→ **Work instruction**:
Type the data below again exactly. Omit all pictures.

→ **Dataset content**:
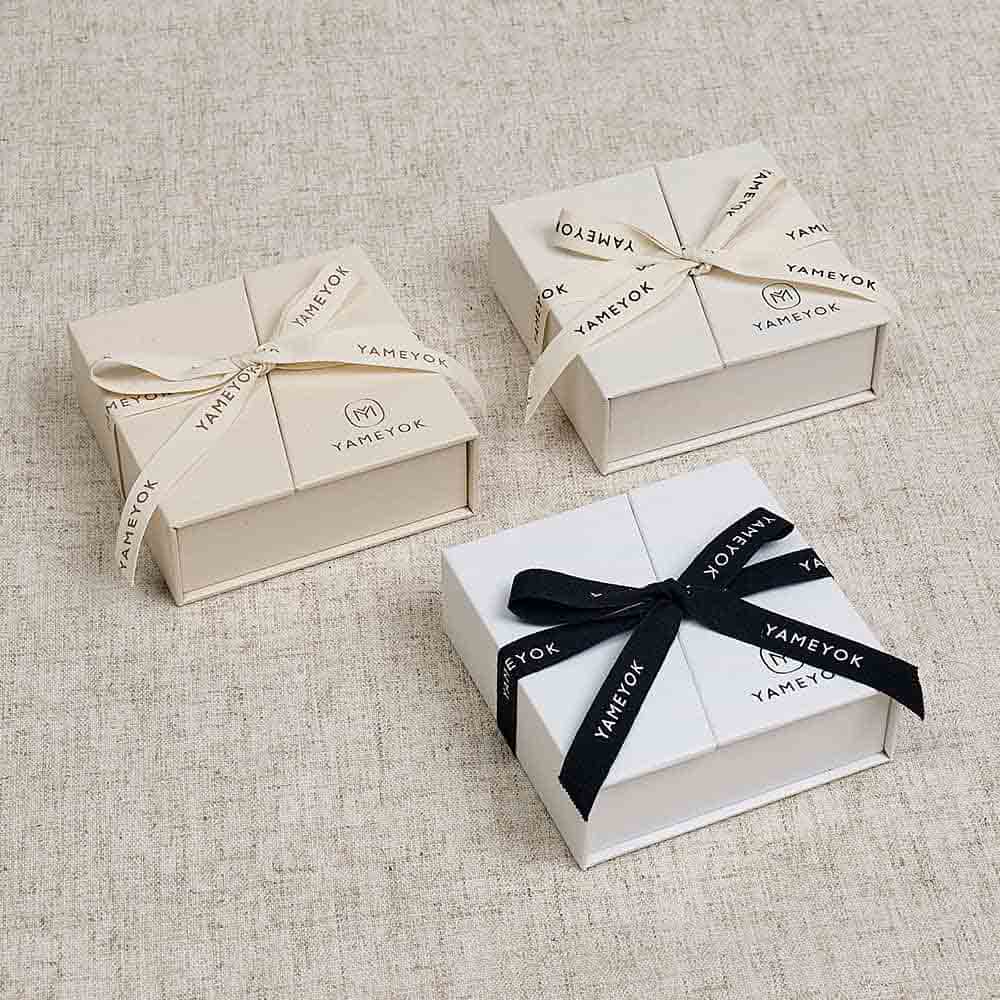 custom jewelry gift boxes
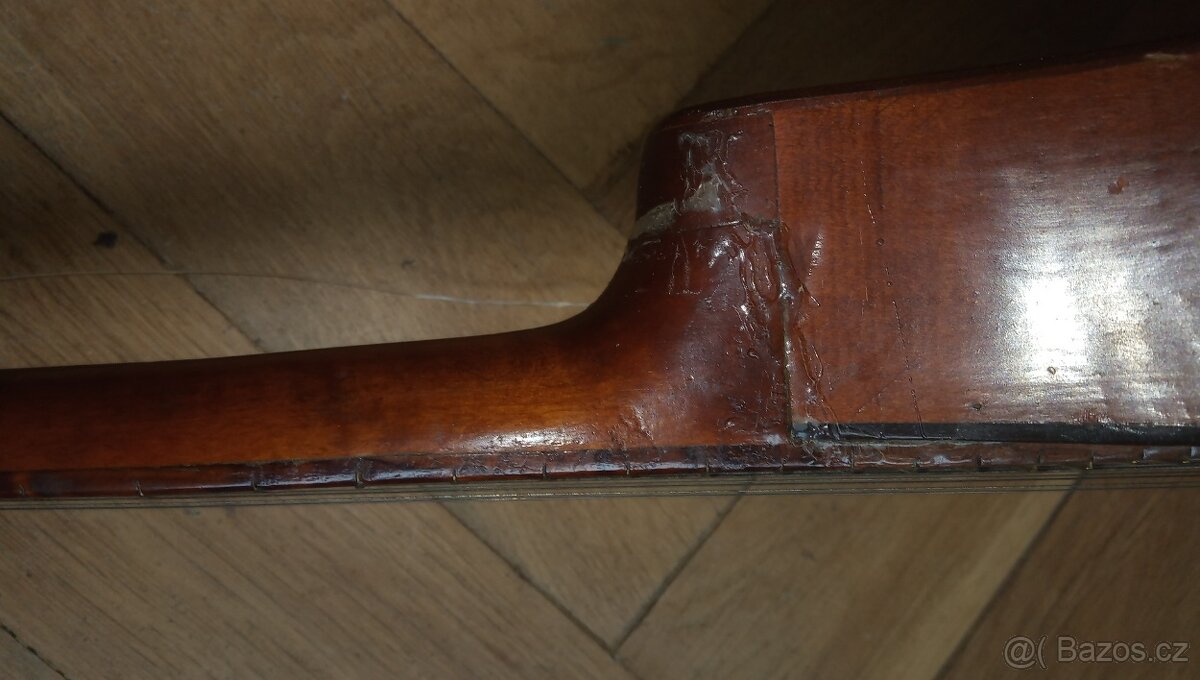 Starší mandolína - 2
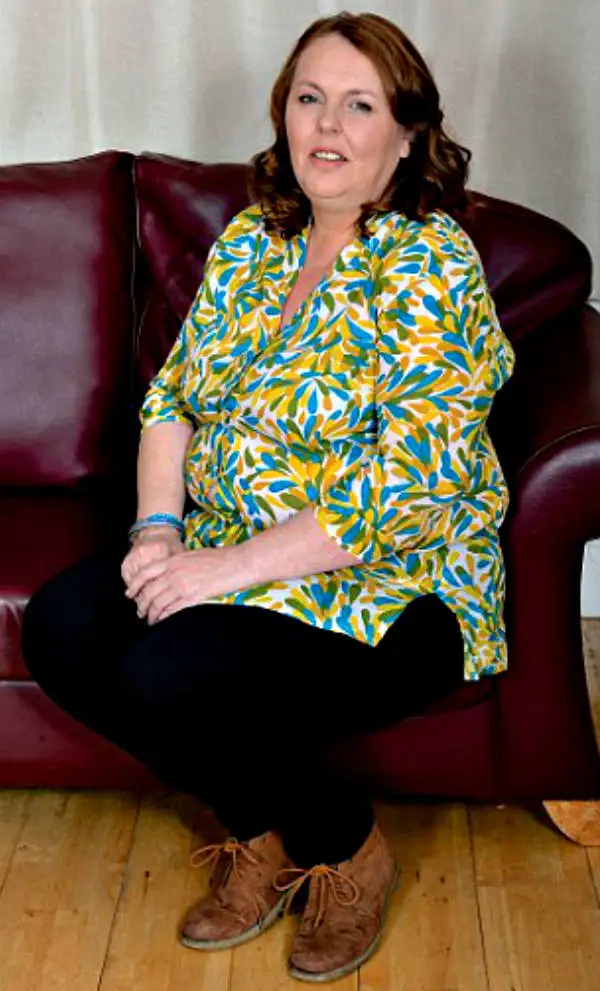 3ABA44E700000578-3980288-Over_the_past_five_years_Beth_s_mother_Janine_pictured_calculate-a-140_1480384887318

→ **Written answer**:
 custom jewelry gift boxes
 Starší mandolína - 2
 3ABA44E700000578-3980288-Over_the_past_five_years_Beth_s_mother_Janine_pictured_calculate-a-140_1480384887318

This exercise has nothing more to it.